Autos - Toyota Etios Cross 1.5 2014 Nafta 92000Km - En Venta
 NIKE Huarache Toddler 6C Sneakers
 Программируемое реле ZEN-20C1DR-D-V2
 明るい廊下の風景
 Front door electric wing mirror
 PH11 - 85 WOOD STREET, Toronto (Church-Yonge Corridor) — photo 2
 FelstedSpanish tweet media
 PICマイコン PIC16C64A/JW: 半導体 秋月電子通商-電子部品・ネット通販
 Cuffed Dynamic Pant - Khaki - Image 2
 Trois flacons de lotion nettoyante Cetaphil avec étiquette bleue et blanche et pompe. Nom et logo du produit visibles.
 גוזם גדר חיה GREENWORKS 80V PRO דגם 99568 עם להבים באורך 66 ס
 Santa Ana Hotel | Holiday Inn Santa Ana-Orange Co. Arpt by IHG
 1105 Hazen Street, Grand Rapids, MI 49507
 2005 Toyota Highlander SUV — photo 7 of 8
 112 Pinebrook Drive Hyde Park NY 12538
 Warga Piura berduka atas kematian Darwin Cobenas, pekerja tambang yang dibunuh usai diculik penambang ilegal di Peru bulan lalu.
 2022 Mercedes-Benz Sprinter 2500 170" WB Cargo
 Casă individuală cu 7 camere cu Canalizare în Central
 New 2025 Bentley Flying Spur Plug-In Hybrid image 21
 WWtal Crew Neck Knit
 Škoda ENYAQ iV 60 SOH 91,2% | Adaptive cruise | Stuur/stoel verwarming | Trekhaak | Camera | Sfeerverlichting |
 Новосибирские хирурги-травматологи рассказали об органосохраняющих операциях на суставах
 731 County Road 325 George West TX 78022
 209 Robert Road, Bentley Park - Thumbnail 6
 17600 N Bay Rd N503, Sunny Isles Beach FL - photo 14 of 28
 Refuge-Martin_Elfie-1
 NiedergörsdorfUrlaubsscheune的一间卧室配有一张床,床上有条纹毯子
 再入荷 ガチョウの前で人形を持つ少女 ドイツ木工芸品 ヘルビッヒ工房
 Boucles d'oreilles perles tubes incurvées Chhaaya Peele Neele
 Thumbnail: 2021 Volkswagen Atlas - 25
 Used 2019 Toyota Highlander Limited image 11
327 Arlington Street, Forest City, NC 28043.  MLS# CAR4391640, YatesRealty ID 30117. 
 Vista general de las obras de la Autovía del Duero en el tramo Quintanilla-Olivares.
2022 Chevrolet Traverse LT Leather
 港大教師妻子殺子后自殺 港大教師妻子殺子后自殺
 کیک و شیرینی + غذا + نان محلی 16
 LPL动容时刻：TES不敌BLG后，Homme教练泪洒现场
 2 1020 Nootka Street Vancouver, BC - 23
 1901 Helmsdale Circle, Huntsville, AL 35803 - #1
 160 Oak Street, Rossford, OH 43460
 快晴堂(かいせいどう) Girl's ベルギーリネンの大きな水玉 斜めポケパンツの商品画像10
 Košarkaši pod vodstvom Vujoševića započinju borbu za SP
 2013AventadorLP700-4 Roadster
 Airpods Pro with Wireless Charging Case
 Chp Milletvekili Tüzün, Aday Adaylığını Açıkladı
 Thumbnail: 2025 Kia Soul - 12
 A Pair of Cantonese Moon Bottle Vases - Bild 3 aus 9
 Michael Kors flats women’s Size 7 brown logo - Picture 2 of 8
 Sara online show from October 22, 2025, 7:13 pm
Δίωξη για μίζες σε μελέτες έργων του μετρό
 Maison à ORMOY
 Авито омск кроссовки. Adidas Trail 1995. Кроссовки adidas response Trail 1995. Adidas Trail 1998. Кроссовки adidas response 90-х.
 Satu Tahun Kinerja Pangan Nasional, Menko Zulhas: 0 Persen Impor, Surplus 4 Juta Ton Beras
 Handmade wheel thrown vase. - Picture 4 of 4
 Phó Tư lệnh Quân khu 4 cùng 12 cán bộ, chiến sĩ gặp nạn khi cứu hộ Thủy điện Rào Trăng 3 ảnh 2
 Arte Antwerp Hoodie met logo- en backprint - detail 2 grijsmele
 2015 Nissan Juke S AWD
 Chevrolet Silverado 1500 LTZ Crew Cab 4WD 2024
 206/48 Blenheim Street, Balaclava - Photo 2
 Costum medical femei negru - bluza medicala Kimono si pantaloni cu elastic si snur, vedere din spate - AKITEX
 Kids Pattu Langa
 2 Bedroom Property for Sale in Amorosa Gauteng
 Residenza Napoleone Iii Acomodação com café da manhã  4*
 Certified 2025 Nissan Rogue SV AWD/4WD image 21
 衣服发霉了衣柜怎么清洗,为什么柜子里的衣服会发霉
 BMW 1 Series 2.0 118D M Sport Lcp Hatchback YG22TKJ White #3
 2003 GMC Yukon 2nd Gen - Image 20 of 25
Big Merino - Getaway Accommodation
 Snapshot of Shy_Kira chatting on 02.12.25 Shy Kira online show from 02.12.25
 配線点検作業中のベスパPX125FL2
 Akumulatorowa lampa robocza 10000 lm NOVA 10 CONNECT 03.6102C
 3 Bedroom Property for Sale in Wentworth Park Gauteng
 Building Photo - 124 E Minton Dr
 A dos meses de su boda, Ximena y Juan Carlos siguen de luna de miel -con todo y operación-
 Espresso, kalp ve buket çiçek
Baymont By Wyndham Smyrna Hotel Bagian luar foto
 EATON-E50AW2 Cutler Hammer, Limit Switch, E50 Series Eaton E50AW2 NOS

-- Task --
Would you please repeat exactly the lines above, starting at the line with "Niedergörsdorf" and stopping at the line with "2 1020 Nootka Street Vancouver, BC - 23", both included?

-- Output of the task --
 NiedergörsdorfUrlaubsscheune的一间卧室配有一张床,床上有条纹毯子
 再入荷 ガチョウの前で人形を持つ少女 ドイツ木工芸品 ヘルビッヒ工房
 Boucles d'oreilles perles tubes incurvées Chhaaya Peele Neele
 Thumbnail: 2021 Volkswagen Atlas - 25
 Used 2019 Toyota Highlander Limited image 11
327 Arlington Street, Forest City, NC 28043.  MLS# CAR4391640, YatesRealty ID 30117. 
 Vista general de las obras de la Autovía del Duero en el tramo Quintanilla-Olivares.
2022 Chevrolet Traverse LT Leather
 港大教師妻子殺子后自殺 港大教師妻子殺子后自殺
 کیک و شیرینی + غذا + نان محلی 16
 LPL动容时刻：TES不敌BLG后，Homme教练泪洒现场
 2 1020 Nootka Street Vancouver, BC - 23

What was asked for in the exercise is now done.